Thursday, May 21, 2015

Peloponnesian War, the First Ten Years. War on Sparta's Doorstep

In 426 B.C., the Spartans began their usual march northward to lay waste to the countryside surrounding Athens but were thwarted by a series of earthquakes and two or three tsunamis, which Thucydides correctly attributes to the earthquakes. (He is apparently the first person on record as making the connection).*  The Athenians sent a fleet to intervene in a war between the Greek city-states in Sicily but failed to achieve anything significant.

General location of Aetolia
And the Athenian general Demosthenes** led an invasion of
Add caption
Aetolia and we hear a confusing account of Aetolians, Acarnanians, and Ambraciots.  I see no need to go into much detail (or really even make the attempt to figure it out myself).  What is important is (1) all these places were on the western side of the Greek peninsula. (2) The Athenians fought  light, mobile javelin-throwers and were defeated with significant losses.  (3) After his defeat, Demosthenes did not dare go home because the Athenians had a deplorable habit of prosecuting generals who lost battles and acquittals were very rare.  (4) That winter Demosthenes got the chance to return to his countrymen's good graces when he intervened in a war between Archnania and Amborcia (on the side of Archnania) and was victorious and attacked an Ambraciot camp at night, inflicting such devastating losses that Athens' own allies hastened to make peace with their defeated enemy out of fear of the Athenians.  Demosthenes could now safely go home as a victor.

He would get a bigger victory the next year (425 B.C.)  Ordered to take his fleet to Sicily but unable to do so because of storms, Demosthenes instead seized Pylos, a peninsula guarding a harbor on the southwest side of the Peloponnese. The immediate surroundings were uninhabited and therefore unable to resist, and the nearest neighbors were the Messenians, the people conquered by Sparta and reduced to serfdom and always rebellious.  He then proceeded to fortify the outpost.  A threat so close to home and so dangerous to domestic security was alarming in the highest degree.  The Peloponnesian forces abandoned their usual invasion of Attica and returned home.  The Lacedamonians assembled their ships and attempted to retake Pylos but found that a landing force has the disadvantage over a defending force and were driven back.

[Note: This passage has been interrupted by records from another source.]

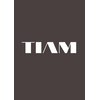 ティヤム(TIAM)ロゴ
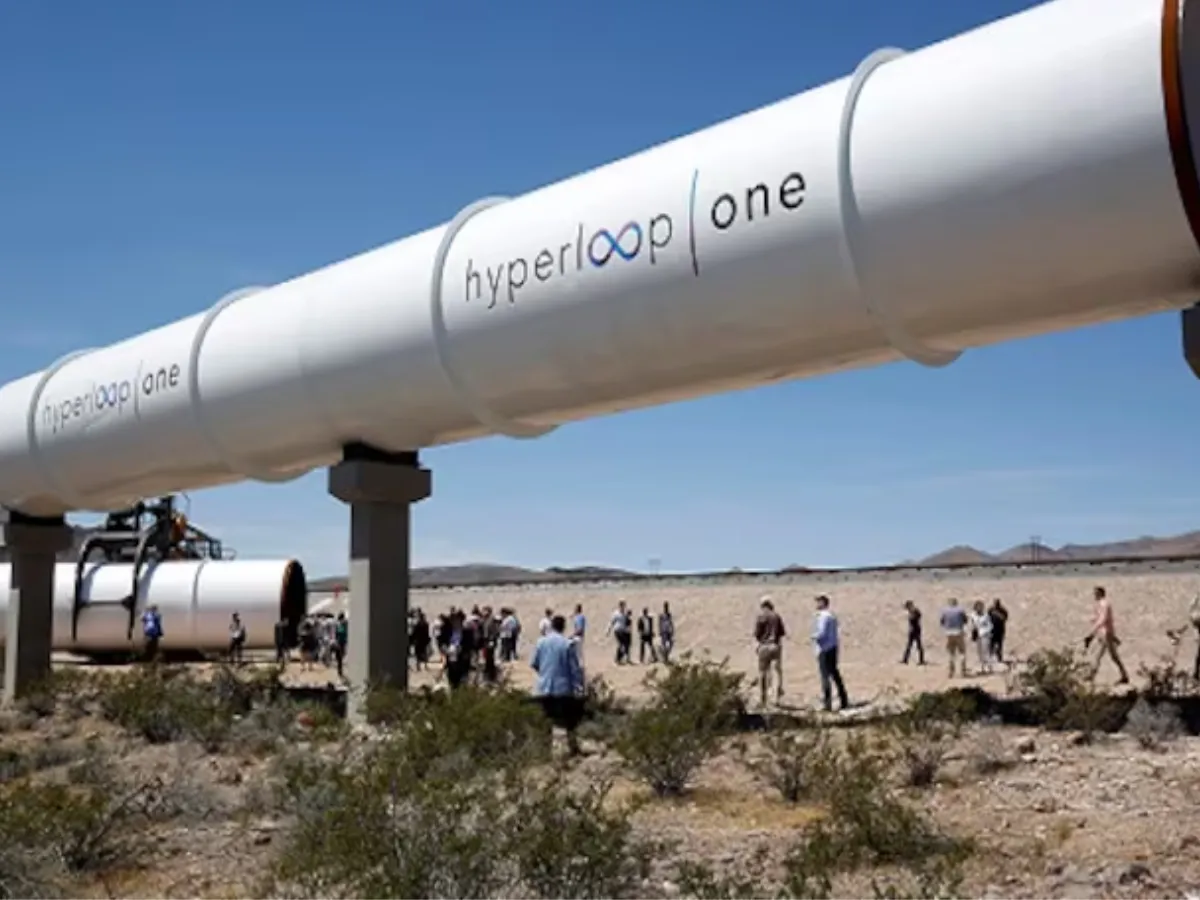 Hyperloop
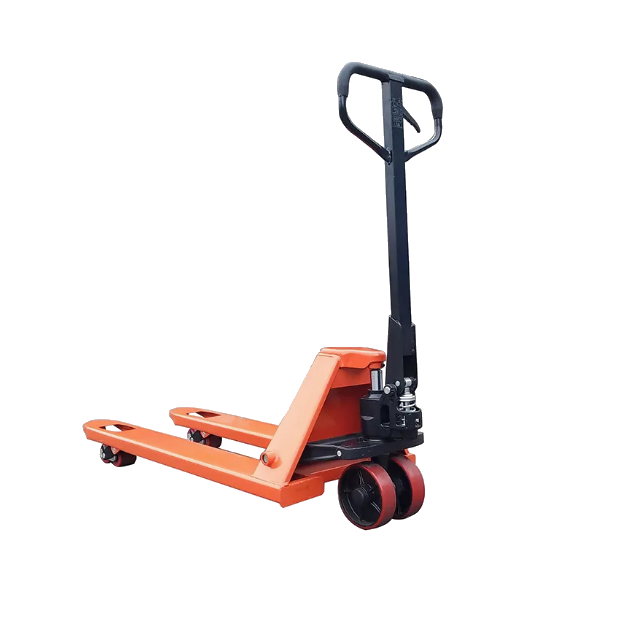 Niuli 2000kg  Manual Hand Pall - Hand Pallet Truck ulasan dan harga
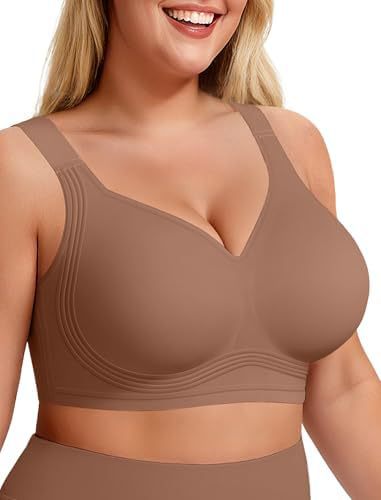 Bra Without Underwire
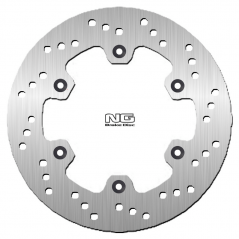 BRAKE DISK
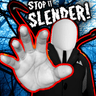 Stop it, Slender! 2 Roblox horror game icon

When the Athenian fleet arrived, the Lacedamonian ships were routed and 420 of their men trapped on the island of Sphacteria, cut off from all supplies.  The Spartan authorities were beside themselves and promptly sought an armistice, turning over all their ships to Athens as surety if only supplies could be taken to their men on the island.  They opened negotiations to end the war, but the Athenians insisted on unacceptable terms and then (unsurprisingly) refused to return the ships.  The siege continued. The Spartans offered great rewards, including freedom to helots, to anyone who could take food to the starving men on the island.

The Athenians, far from home and in a hostile country, were also short on supplies.  But reinforcements arrived, so the Athenian forces landed on the island. Vastly outnumbered, surrounded on all sides, cut off from food or reinforcements, and worn down by hit-and-run attacks from the light forces, the Lacedamonian forces surrendered.  Some 292 were captured including 120 elite Spartiates (i.e., full Spartan citizens).  The Athenians took them back to Athens and held them as prisoners with the threat to execute them if the Peloponnesian army again invaded.  The invasions stopped.  Athenian farmers were again able to return to the countryside and city dwellers were relieved of the crowding.  In a presumably related development, the plague ceased.

The surrender shocked everyone because it had been assumed up until then that Spartans would fight to the last and never surrender.  The Athenian outpost became a base for Messenians to conduct hit and run raids into the interior.  Sparta's internal security problems became so severe that they resorted to the desperate measure of offering freedom to any helots who could establish they had done service to the state and then massacring some 2,000 who stepped forward on the theory that they were the ones most likely to start a revolt.***

The Athenians also attempted to take advantage of strife between the democratic and oligarchic parties in Megara to seize the city with the connivance of the democrats.  They failed.

_____________________________________________
*And just as a comment on how the Greek way of thought evolved over time, Herodotus also describes a tsunami but he attributes it to desecration of Poseidon's temple.  And the later historian Diodorus Siculus, writing in the first century B.C. and following Thucydides, takes for granted the earthquake as the cause.  (I do not know if tsunamis were a recognized phenomenon by Diodorus' time).
**Not to be confused with the famous orator named Demosthenes who lived a century later.
***There is some doubt as to when the massacre took place.  Thucydides mentions it in conjunction with the Spartans giving freedom to another 700 helots if they would join an army and march out to stir up trouble among the Athenians.  It seems most unlikely that they were doing both at the same time!  There is also the implication in Thucydides' language that the massacre had happened some time earlier, though if so he gives no hint as to when.